Daniel Fischlin of the University of Guelph has written of “sound as dissident practice, commentary, critique.” His colleague Ajay Heble, writing in support of the jazz avant-garde, has suggested that “the ‘return to the tonic’ structure of diatonic music [i.e., mainstream jazz] is … an ideological convention, a way of reinforcing the status quo.” But artists’ intentions are too varied, the experience of listening too subjective, for Heble’s paradigm to be airtight. And much of modern jazz falls between the poles of consonance and dissonance, “inside” and “outside.” As Heble admits, “… the connections between dissonant musics and oppositional politics are not always readily sustainable.”
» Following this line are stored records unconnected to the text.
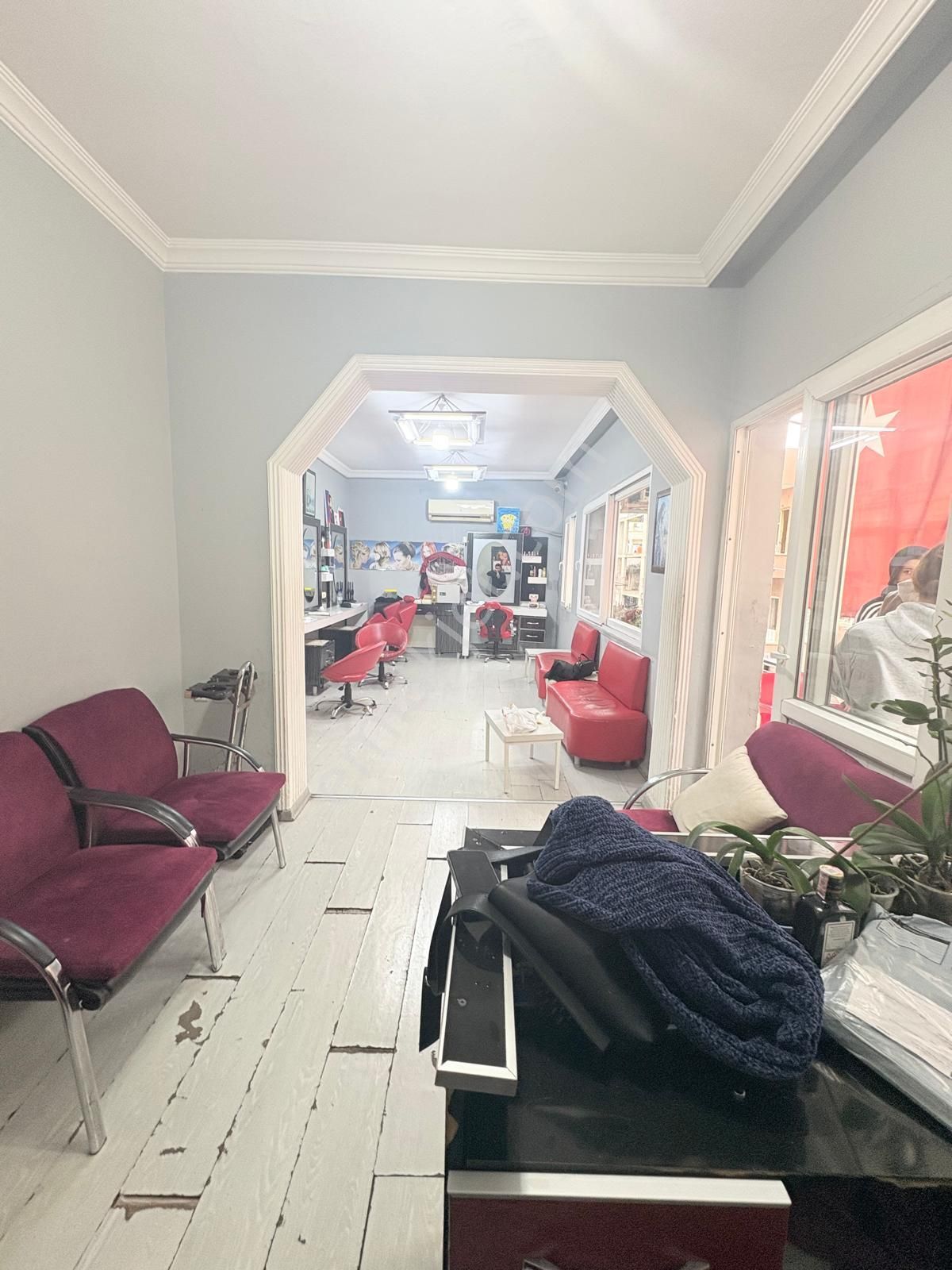 Prestij'den Camişerifte Geniş Oturumlu 3+1 Daire - Görsel 12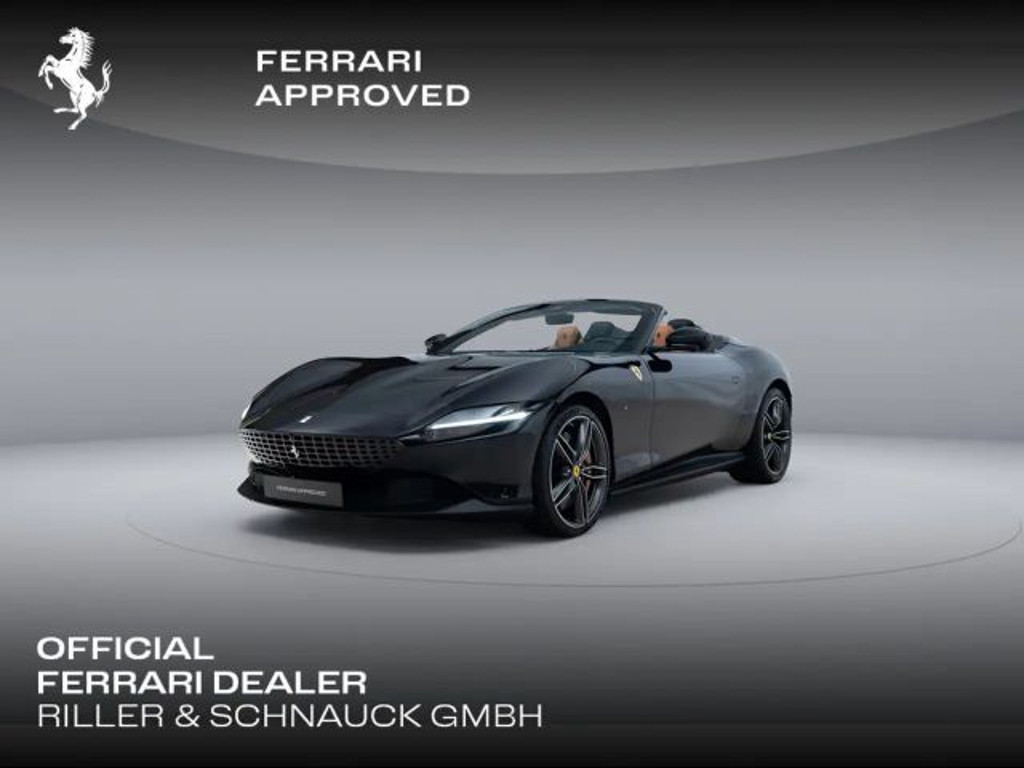 Ferrari Roma 2025 Benzine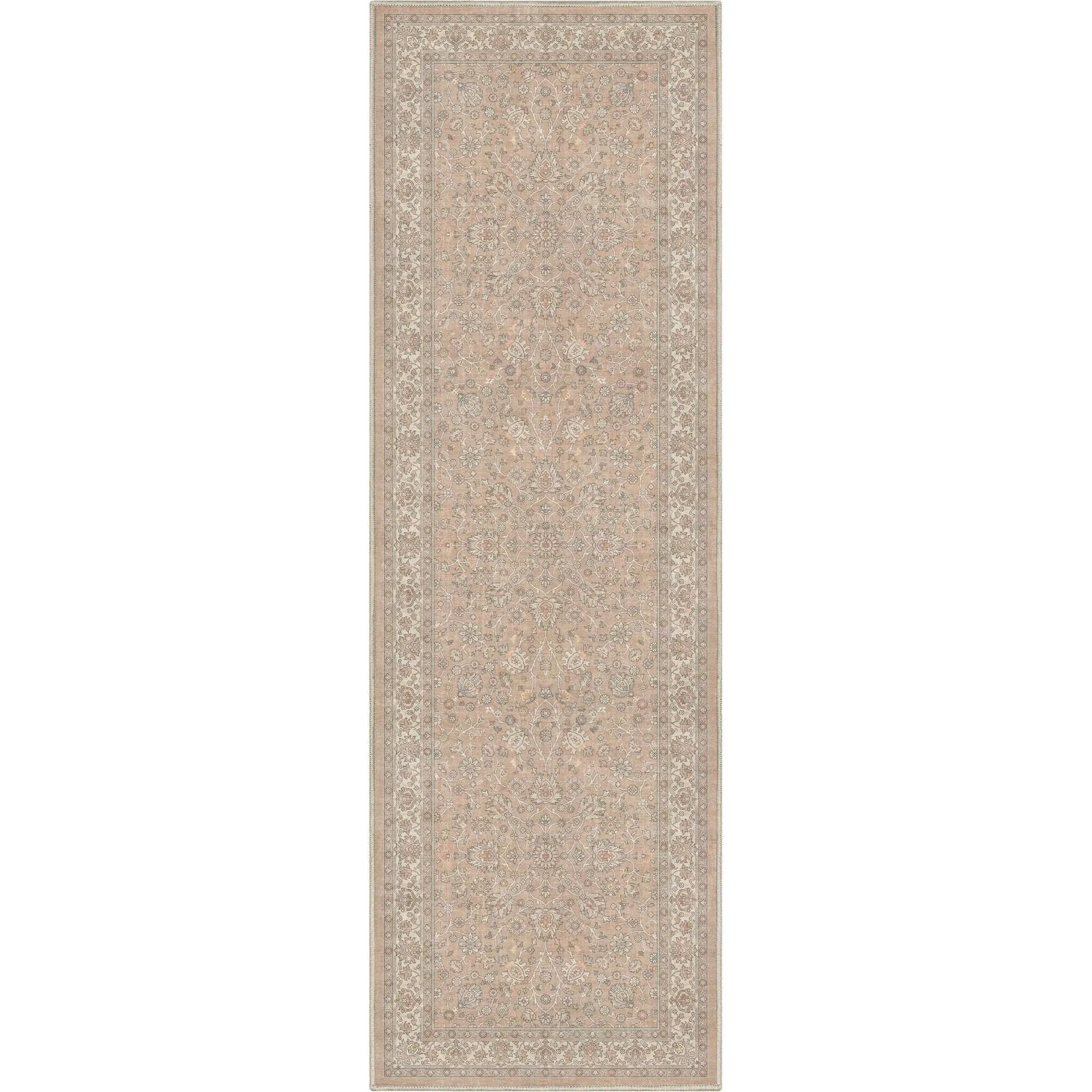 Well Woven Asha Rome Vintage Oriental Persian Flat-Weave Area Rug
I do take seriously Robin Balliger’s claim that “music and representations of music are contextualized activities that have social and political meaning.” But this shouldn’t close off the idea of music as a sphere unto itself. I have to laugh when Fischlin conjures “a nightmare world in which sound is pure and essential, divorced from its social and political contexts, meaningful in its abstract and metaphysical potential but irrelevant in what it has to say to the here and now of daily life.” Of all the actual nightmares transpiring on the planet, Fischlin’s scenario seems rather mild, even attractive.
In fact, social systems that demand art be “relevant” are precisely the ones that have ushered in nightmares. Cornelius Cardew, the British classical composer (1936-1981), denounced his mentors and flushed his talent in order to spread the gospel of Mao Zedong: “There is no such thing as Art for Art’s sake, art that stands above classes, art that is detached from or independent of politics.” Even if one agrees, it’s quite a leap to conclude, as Mao and Cardew did, that the vanguard party has the right and the duty to declare war on individual expression.

David R. Adler, in a longish article on art, the liberal tradition, and antizionism/antisemitism, a little more than a year ago.

3 Replies to “Disentanglement”

  1. Darrell, I’m ashamed to say I had to look Skvorecky up. Ordered a copy of The Bass Saxophone via Abe today. (From a bookstore 40 miles away. Could be here by end of week maybe.) How big a figure is he in your own pantheon of post-war letters, I’m curious to know now.

  2. The practice in Canadian libraries for many years has been to highlight and promote “CanCon” (Canadian Content) by sticking a red maple leaf to the binding of every book that qualifies. Since Skvorecky has been a Toronto resident since the Prague Spring of ’68, his books qualify for the maple leaf, which caught my eye when I was 18 or 19. I’ve only read one other book by him, that I can remember (The Miracle Game) which didn’t stir me to the degree that this one did. The Bass Saxophone sits pretty close in my estimation to I Served The King Of England by Bohumil Hrabl — both are books I enjoyed more than the Kundera I’ve read.